La quema de libros en las calles santiaguinas a manos de soldados durante los primeros meses de la dictadura cívico-militar, con la anuencia y aplauso de los sectores conservadores, es una buena prueba de ello. El cierre de la editorial Quimantú que proveía a los chilenos de magníficas obras literarias nacionales y extranjeras –a muy bajo precio– es otra muestra de lo dicho.
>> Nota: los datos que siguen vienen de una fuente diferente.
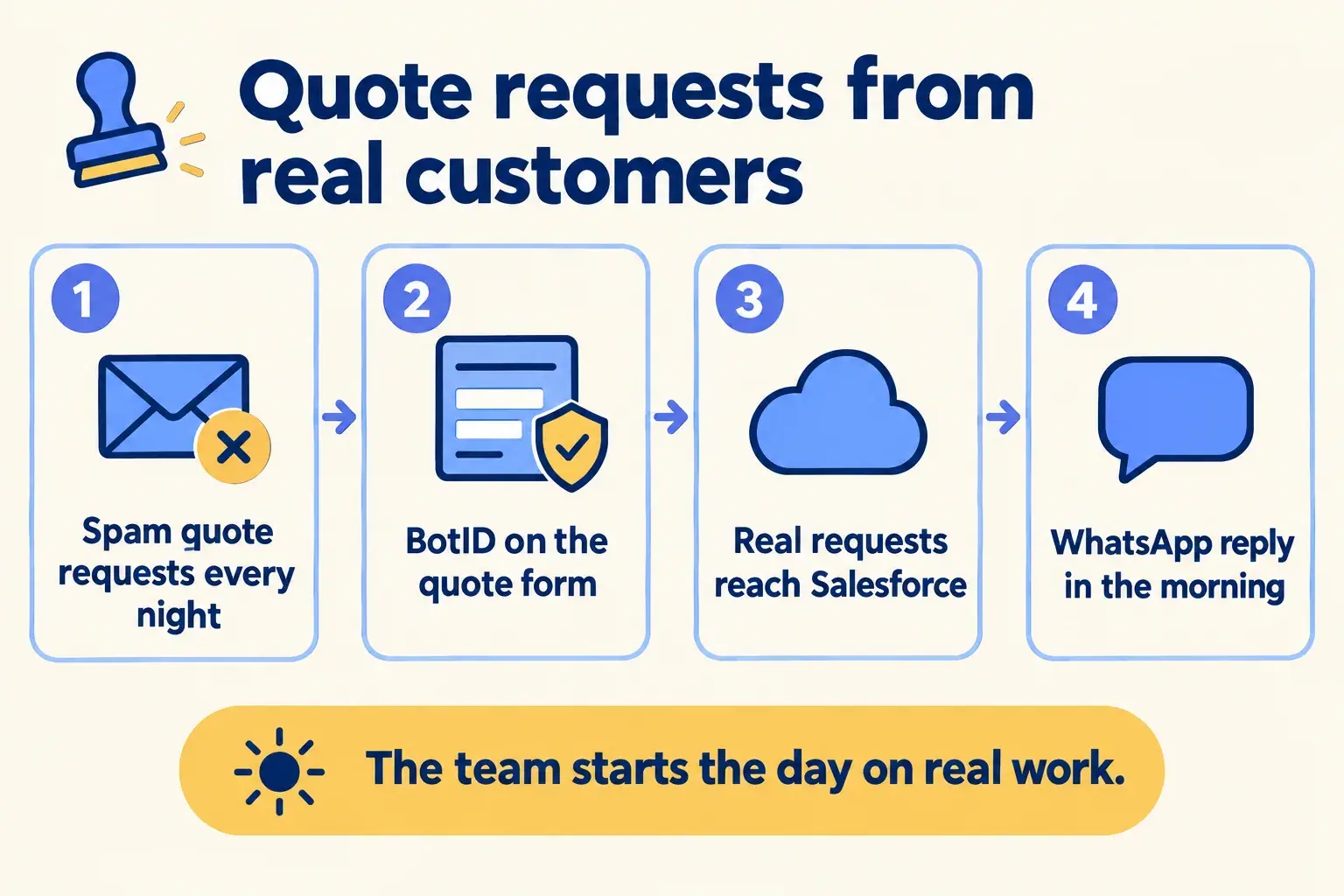 Spam quote requests are stopped by BotID, real requests reach Salesforce, and the team replies on WhatsApp.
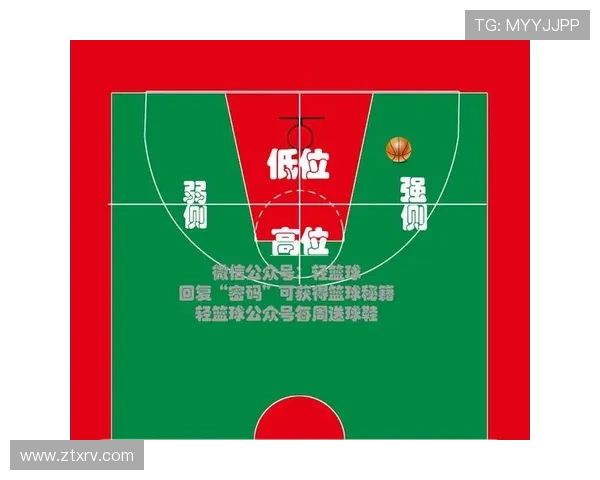 周丽独家篮球心得分享如何提升你的投篮技巧与比赛意识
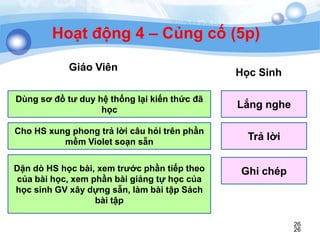 26
26
Hoạt động 4 – Củng cố (5p)
Cho HS xung phong trả lời câu hỏi trên phần
mềm Violet soạn sẵn
Giáo Viên
Trả lời
Học Sinh
Dặn dò HS học bài, xem trước phần tiếp theo
của bài học, xem phần bài giảng tự học của
học sinh GV xây dựng sẵn, làm bài tập Sách
bài tập
Ghi chép
Dùng sơ đồ tư duy hệ thống lại kiến thức đã
học
Lắng nghe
Lo acaecido con “Chile Films” muestra fríamente el desdén de la derecha por el arte, la cultura y el cine. En la página web de CineChile (www.cinechile.cl) puede leerse lo siguiente: “El mismo día del golpe militar (11 de septiembre de 1973), un pelotón de soldados toma los estudios por asalto e inicia una minuciosa destrucción de archivos y quema de material fílmico. “Se hizo una pira en el patio”, cuenta un testigo de la acción, y “por espacio de tres días estuvieron quemando todos los noticiarios desde el año 45 adelante”. También documentales y los negativos de una buena parte del cine chileno de ficción. Conforme a la política del gobierno de Pinochet, la empresa se privatiza y deja de ser definitivamente lo que fue. Cesa su producción propia y se especializa en los servicios a terceros, en particular a la televisión y a la floreciente industria del cine publicitario”.
Los más fanáticos adherentes a la religión neoliberal no gustan de la posibilidad que en nuestro país se alce un complejo cinematográfico al estilo de la antigua Televisa mexicana, pues prefieren abrir los paisajes de nuestro país a las producciones extranjeras que buscan escenarios naturales de belleza indomable, y evitar darle alas a un cine nacional que ellos saben será crítico y recurrirá muchas veces a la Historia como principal fuente de creación. Saben también, sin temor a equivocarse, que Cine e Historia les seguirían cobrando factura, porque el cine es el séptimo arte, y como tal es cultura, identidad y memoria.
Un país sin memoria no tiene Historia; un país sin Historia carece de identidad… y un país sin identidad es simplemente una colonia. A ello apunta y apuesta este gobierno.